Yeti coolers – I have a shed filled with cheap coolers. And for the most part, they have worked fine and served their purpose over the years….as long as I didn’t need to keep things cool for an extended period of time. This season, I was excited to take a new Yeti cooler with me on our first hunt for two reasons. First, I wouldn’t have access to ice throughout the trip, and second, we were hunting grizzly country and Yeti coolers are “bear resistant”. I will just say this….I have never seen ice stay “unmelted” in a cooler for so long! It was impressive to say the least. Oh, and no bears got into my cooler either. If you need to keep food or meat cool for extended times, Yeti coolers have earned my vote for sure.
Crossover Stabilizer – Let me just start off by saying that I am not a “target” archer. All of my practice and participation in archery tournaments is done with one purpose in mind – to be a better elk bowhunter. I don’t shoot for score, and I am not a great “spot” shooter. But I do shoot my bow a lot. I know exactly where my limitations are and I know how tightly my arrows group at every distance from 20-100 yards. With that being said, I know that stabilizers play a role in stabilizing the bow, and I’ve always shot with the standard 10-12” hunting stabilizers. I see target shooters with their 36” stabilizers, and I always laugh and think to myself, Why shoot with something you aren’t going to be able to hunt with? Then, I found an intriguing stabilizer that caught my attention.

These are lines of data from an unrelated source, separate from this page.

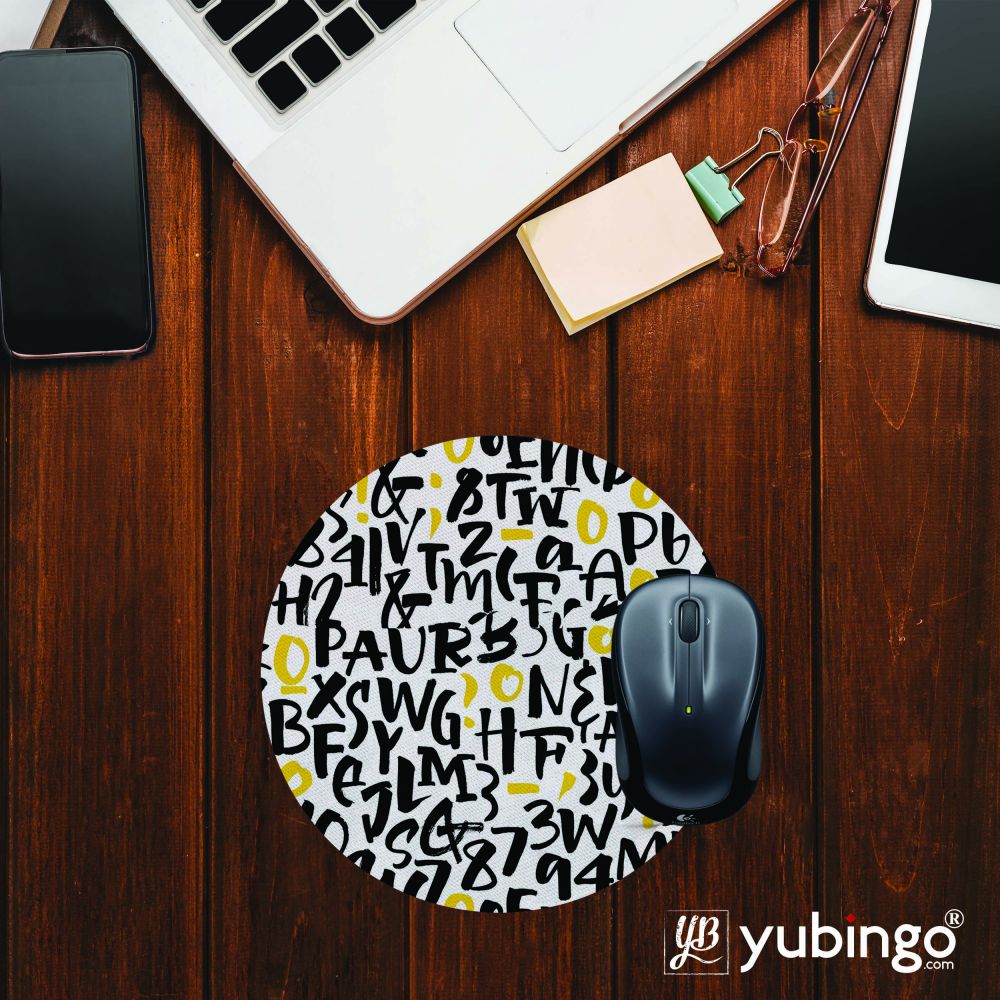 Alphabets And Numbers Mouse Pad (Round)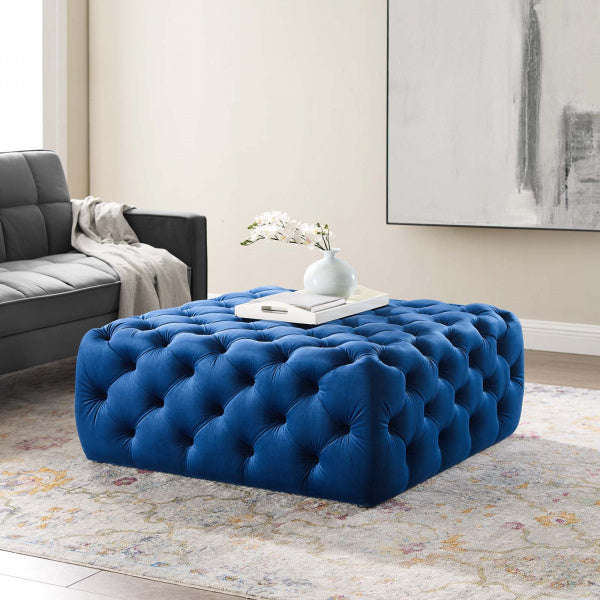 Abby Velvet Buttoned Square Ottoman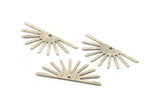 Silver Sun Charm, 6 Textured Antique Silver Plated Brass Sun Charms With 1 Hole (32x14x0.60mm) M02072 H1674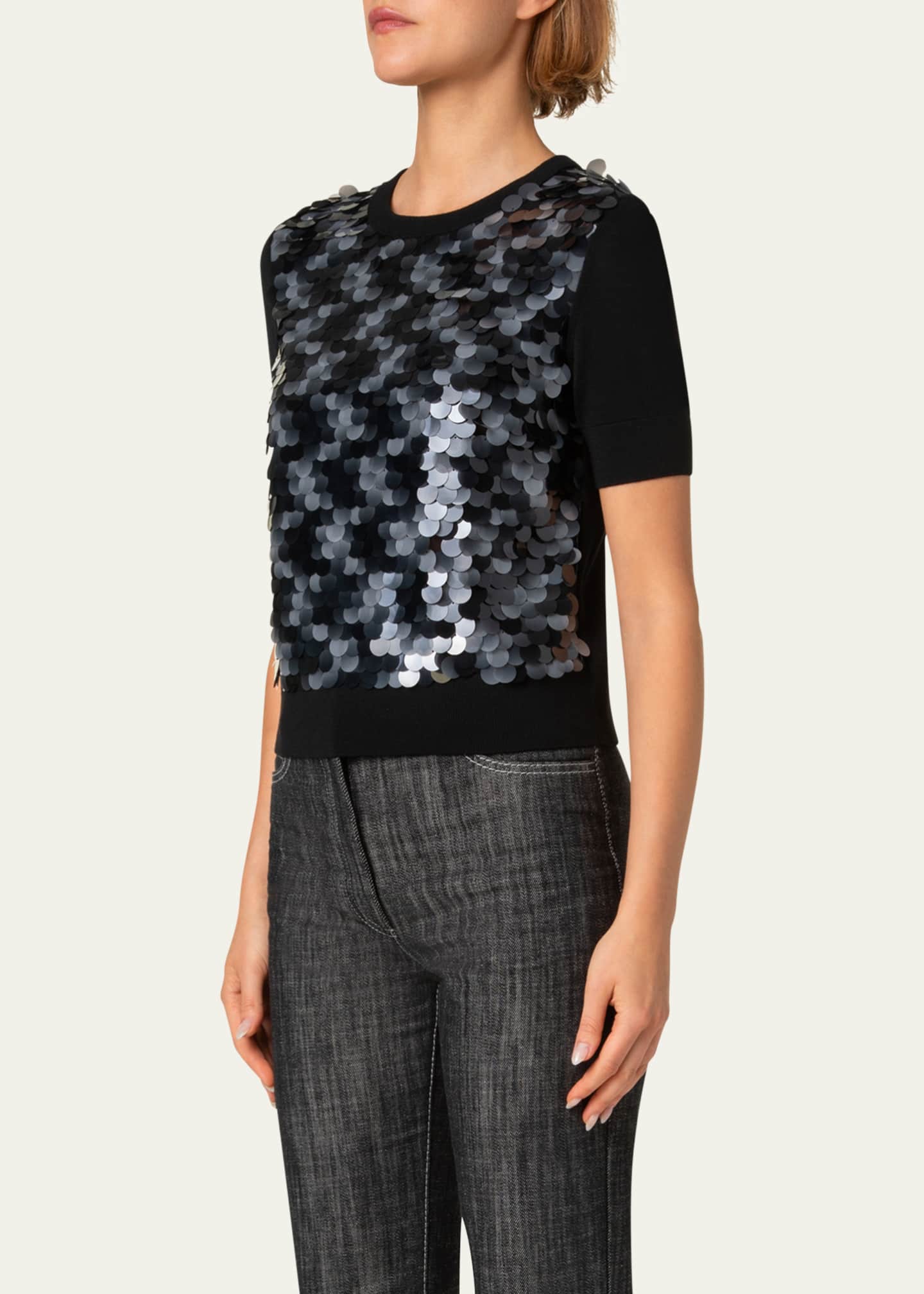 Akris punto Front Sequined Short Sleeve Wool Sweater Image 4 of 5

The Crossover Stabilizer is made by Crossroad Archery and is extendable (think the legs of a tripod) – mine goes from 12” to 33”. That means I can carry it around and hunt with it at the standard 12” length, but I also have the ability to extend it if desired/needed. I can’t tell you how awesome it was to extend it out to 33” and shoot in my backyard the first time. My groups were tighter than they have ever been, and the thing I noticed most was that I wasn’t able to make quick, “jerky” movements when I was locked in on the target. In other words, having the stabilizer extended way out in front of the bow dampened my bad habits. The combination of my Prime Rize with this new stabilizer gave me more confidence in my shooting abilities than I have ever had before. I also found that with the stabilizer extended out to around 18”, it made my bow even easier to carry around, so I actually hunted with it at that length all season long. I would have to say that this new stabilizer was the one item of gear that I was most impressed with this season!
Outside of the new products I added to my hunting arsenal this fall, there were a few of the trusted items of gear that continued to shine for me, and have earned a permanent place on my elk hunting checklist. These items include:
MTN OPS Enduro – essential in replenishing lost nutrients and keeping me hydrated while putting over 170 miles on my feet in rough country in September.
G5 Striker broadheads – I was blessed with two great bulls in September, and combined, they ran less than 100 yards after the shot. Tough, accurate, and sharp.
Sitka Gear – Stay tuned for more info…all I can say for now is, WOW!
Tightspot Quiver – I love everything about my Tightspot Quiver. I’ve shot several quivers over the years, and the minute I locked my first Tightspot into place, I was hooked. It does everything a quiver should do – sits close to the bow to minimize torque, adjusts to find the perfect balance, doesn’t rattle at the shot, etc.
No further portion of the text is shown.